While Eastwood published his promising results today, the post follows nicely on a Twitter discussion I had earlier on the weekend. One prominent anaytics blogger was calling out a popular stats site for posting game recommendations from professional “tipsters,” those guys who have a lock on this, that, or the next thing. All he needed to do was post up their success percentage. A bitchy thing to do perhaps, but necessary.
I don’t think it needs too much stressing, but if you’re hoping to make money on the subjective recommendations of a guy on the Internet relying on nothing but his heuristic hunch and his self-proclaimed expert status, you’re going to have a bad time. But this got me thinking about ways to address sceptical attitudes about the predictive efficacy of analytics, and about the use and application of football analytics in general.
Let’s imagine for a moment a weird and implausible dystopian future in which governments forced citizens to bet all their earnings on football matches. Chances are, a lot more people would have a vested interest in football, and Bill Shankly’s claim that football is more than life and death would take on a whole new meaning.
Within this world, experts would come out of the woodwork with advice on how to make your weekly, government enforced football wagers. Some opportunist characters might claim you could make a quick buck fast by betting against the odds on one or two matches based on their advice. Others might go on the basis of pundits and opinion-shapers in the big papers. Still others would argue for a safe investment strategy that doesn’t stray far from the official betting lines. And then you’d get people like Eastwood publishing predictions based on an internal empirically-based betting model.
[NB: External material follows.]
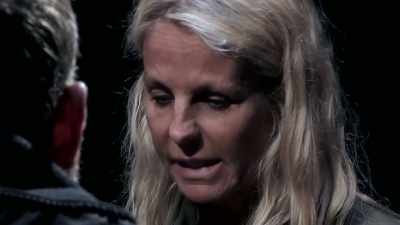 ..believing in myself.
but I need to gain something, - Celebrity SAS: Who Dares Wins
Remember: these bets are enforced. You don’t have the choice here not to play. Your entire livelihood depends on your ability to make safe wagers, and if you’re lucky, you can earn a little when the games break against the odds. Which approach do you choose?
Well, the smart investor would likely choose a proven, ever-improving predictive model provided by one of the analysts, right? Particularly as the tipsters’ success rates are all noise and no signal. While this should be obvious, even in our normal, everyday world, many investors make decisions based on gut feelings, some of which turn out well, and some don’t. This isn’t to completely dismiss subjective impressions in making investment choices, but to show that they cannot compete with a a solid statistical model built for long-term success.
Perhaps over time, those model forecasters would show the most consistently stable return on investment. If you were a football betting advisor, you know which portfolio you’d choose. You probably wouldn’t look too much into the model’s methods, and you’d stop watching football, confident it will all balance out in the long run.
This should be self-evident, and yet time and time again many in football choose to trust the subjective impression of journalists or TV pundits over the boring, hard evidence provided in by good statistical analysis. Remember: in betting analytics, statistics are not used to proscribe how football should be played. Rather, for the most part it’s more interested in football as it is already played. No one is currently or at least credibly calling for wholesale changes to how the game is played based on this kind of analysis, or at least not yet.
As long as football is won or lost on tactical decisions and good players with luck thrown in to make things interesting, there will always be a place for storytelling provided by chumps like yours truly. The problem is when chumps like me start sniffing their own farts and trusting their subjective impressions over the record of evidence. If your livelihood depended on it though, the choice should be obvious.